Return, word for word, the lines of the listing below from the one with "Setting up the" through the one with "Pride in Place Funding - Page 1", and no other lines.

▼▼▼

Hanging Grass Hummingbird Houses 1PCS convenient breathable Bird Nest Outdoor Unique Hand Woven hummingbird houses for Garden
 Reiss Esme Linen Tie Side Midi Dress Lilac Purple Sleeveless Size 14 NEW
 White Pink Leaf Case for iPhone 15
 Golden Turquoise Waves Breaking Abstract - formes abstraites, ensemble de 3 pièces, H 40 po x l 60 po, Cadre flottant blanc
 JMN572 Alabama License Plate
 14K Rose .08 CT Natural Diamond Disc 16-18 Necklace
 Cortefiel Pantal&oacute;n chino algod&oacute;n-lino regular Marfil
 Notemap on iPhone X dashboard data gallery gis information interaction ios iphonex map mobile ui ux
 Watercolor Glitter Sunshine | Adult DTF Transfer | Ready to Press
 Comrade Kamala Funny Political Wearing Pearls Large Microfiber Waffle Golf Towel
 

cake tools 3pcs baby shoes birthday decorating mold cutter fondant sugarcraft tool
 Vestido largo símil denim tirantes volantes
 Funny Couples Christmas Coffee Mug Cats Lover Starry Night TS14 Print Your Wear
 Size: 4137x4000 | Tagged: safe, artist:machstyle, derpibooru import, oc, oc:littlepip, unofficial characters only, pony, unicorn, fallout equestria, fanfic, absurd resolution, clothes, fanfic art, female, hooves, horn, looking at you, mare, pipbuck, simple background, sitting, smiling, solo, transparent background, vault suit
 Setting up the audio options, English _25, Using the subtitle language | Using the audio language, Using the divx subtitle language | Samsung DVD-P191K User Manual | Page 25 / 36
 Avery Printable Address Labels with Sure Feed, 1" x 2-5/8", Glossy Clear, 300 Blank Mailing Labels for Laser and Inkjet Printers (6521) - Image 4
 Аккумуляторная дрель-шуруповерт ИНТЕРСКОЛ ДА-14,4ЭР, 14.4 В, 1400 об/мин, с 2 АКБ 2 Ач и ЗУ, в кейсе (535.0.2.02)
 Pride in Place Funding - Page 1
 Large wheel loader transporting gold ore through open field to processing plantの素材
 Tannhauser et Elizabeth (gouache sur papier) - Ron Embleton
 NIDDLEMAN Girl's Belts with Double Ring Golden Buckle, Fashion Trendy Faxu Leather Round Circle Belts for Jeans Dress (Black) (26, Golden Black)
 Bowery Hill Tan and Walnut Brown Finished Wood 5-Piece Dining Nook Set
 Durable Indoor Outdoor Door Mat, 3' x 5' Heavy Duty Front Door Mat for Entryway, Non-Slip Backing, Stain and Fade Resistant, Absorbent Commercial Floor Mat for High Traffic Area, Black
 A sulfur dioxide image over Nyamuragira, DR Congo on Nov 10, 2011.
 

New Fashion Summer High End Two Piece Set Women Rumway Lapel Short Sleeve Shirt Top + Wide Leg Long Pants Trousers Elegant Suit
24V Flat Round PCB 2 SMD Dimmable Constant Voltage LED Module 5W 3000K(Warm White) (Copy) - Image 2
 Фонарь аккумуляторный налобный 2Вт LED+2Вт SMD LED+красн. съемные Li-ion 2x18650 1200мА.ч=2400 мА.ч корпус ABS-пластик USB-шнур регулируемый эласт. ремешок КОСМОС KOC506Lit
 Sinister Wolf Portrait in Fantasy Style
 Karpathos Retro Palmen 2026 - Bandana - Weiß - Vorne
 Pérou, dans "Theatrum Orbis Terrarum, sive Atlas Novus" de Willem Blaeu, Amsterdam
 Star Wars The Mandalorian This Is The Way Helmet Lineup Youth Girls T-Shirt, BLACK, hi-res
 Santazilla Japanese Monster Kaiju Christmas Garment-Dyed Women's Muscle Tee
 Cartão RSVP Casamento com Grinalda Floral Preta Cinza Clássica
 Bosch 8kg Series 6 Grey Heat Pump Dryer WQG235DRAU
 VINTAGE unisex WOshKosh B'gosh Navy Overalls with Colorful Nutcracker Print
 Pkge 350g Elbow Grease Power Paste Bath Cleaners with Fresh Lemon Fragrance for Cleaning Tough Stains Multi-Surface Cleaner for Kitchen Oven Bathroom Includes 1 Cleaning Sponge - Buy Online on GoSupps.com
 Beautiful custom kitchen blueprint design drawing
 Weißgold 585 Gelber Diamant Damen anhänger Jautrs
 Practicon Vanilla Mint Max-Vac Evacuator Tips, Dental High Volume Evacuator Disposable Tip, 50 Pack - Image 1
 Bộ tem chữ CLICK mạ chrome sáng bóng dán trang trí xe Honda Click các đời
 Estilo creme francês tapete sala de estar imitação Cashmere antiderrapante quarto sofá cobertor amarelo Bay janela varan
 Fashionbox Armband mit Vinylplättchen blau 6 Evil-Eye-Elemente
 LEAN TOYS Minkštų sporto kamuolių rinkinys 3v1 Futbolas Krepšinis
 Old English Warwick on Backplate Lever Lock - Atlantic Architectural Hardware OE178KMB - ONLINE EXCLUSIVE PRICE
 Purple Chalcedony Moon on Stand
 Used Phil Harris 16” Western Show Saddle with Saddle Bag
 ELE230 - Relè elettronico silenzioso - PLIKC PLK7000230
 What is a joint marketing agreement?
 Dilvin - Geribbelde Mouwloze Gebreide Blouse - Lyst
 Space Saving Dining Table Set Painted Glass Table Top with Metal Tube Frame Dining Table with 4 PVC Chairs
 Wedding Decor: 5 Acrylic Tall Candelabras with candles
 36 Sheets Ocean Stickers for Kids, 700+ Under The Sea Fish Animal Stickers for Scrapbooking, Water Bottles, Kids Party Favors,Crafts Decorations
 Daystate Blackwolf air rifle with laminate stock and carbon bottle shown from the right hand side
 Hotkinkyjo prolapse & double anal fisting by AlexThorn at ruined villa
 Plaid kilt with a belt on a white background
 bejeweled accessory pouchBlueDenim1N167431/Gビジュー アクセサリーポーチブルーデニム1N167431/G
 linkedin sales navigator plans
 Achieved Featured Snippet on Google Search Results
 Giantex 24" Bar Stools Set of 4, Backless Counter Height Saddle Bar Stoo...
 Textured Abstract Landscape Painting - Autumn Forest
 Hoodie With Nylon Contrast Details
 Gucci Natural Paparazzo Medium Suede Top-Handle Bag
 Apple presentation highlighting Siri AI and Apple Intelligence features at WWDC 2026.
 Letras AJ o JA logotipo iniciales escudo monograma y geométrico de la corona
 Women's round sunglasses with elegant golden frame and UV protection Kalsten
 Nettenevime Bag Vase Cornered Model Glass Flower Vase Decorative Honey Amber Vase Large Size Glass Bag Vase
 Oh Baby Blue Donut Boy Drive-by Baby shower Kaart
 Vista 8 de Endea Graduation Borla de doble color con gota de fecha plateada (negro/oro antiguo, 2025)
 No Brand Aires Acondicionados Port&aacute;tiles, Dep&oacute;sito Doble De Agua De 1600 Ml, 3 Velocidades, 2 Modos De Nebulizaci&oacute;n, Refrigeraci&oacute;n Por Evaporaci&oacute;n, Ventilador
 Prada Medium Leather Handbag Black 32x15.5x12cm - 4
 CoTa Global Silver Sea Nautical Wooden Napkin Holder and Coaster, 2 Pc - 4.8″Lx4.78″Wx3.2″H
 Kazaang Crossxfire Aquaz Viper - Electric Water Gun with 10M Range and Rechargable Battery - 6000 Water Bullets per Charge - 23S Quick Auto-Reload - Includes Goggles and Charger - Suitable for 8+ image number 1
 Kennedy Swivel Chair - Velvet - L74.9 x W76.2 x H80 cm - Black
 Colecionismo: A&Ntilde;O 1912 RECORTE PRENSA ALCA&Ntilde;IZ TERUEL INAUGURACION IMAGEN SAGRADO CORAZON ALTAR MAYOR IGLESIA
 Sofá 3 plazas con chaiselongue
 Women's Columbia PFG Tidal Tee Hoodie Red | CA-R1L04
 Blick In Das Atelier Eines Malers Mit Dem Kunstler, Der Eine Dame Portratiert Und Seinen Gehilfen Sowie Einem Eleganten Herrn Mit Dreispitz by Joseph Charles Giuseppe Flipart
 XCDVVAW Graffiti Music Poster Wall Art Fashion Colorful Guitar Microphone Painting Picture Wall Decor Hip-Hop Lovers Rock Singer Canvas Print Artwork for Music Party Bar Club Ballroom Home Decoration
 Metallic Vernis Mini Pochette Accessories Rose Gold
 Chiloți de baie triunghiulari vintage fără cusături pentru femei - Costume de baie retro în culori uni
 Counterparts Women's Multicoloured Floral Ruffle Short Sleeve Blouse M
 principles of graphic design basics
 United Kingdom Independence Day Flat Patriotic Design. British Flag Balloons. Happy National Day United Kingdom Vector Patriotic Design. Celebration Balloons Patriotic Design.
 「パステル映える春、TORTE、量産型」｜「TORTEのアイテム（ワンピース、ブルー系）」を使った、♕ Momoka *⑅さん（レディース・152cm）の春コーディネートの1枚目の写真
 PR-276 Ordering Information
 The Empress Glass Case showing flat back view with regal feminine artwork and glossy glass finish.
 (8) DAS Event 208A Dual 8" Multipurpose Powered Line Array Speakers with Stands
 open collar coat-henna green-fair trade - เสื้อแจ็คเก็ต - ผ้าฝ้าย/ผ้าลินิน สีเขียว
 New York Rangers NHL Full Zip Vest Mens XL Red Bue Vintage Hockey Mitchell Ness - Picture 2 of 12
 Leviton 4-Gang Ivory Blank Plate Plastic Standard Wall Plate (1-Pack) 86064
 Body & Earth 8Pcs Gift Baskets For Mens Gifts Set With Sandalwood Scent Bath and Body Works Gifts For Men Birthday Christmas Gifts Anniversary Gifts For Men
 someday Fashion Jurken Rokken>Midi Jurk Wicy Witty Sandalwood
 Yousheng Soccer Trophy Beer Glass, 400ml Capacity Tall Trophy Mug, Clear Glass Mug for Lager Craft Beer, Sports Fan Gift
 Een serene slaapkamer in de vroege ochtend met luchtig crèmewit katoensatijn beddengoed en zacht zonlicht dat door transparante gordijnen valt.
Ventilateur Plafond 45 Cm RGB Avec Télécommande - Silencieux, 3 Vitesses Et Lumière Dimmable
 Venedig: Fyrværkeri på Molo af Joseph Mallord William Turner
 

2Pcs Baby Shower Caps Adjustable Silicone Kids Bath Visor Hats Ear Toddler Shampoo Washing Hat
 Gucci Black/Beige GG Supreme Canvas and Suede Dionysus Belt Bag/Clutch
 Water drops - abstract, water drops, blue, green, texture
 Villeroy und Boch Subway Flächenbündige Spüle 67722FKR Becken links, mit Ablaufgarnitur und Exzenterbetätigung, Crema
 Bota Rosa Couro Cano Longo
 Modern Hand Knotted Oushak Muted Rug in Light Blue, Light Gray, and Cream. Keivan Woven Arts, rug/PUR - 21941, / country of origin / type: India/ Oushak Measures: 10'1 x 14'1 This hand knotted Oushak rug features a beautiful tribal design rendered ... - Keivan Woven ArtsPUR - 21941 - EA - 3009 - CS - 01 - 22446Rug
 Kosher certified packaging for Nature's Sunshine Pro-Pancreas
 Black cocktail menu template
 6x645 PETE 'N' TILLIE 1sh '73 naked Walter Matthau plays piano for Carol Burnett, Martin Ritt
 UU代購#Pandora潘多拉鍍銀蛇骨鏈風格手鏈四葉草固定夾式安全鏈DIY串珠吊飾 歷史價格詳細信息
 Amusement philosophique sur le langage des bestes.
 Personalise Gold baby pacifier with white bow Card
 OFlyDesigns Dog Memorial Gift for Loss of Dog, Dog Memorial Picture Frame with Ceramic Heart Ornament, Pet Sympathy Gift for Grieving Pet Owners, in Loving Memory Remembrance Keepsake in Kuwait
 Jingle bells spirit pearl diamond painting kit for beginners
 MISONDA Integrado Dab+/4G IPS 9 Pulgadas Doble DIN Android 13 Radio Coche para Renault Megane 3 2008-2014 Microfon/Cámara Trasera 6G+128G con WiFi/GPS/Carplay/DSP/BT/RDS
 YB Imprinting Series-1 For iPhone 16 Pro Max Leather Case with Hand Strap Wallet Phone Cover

▲▲▲

# PROBLEM SOLUTION
 Setting up the audio options, English _25, Using the subtitle language | Using the audio language, Using the divx subtitle language | Samsung DVD-P191K User Manual | Page 25 / 36
 Avery Printable Address Labels with Sure Feed, 1" x 2-5/8", Glossy Clear, 300 Blank Mailing Labels for Laser and Inkjet Printers (6521) - Image 4
 Аккумуляторная дрель-шуруповерт ИНТЕРСКОЛ ДА-14,4ЭР, 14.4 В, 1400 об/мин, с 2 АКБ 2 Ач и ЗУ, в кейсе (535.0.2.02)
 Pride in Place Funding - Page 1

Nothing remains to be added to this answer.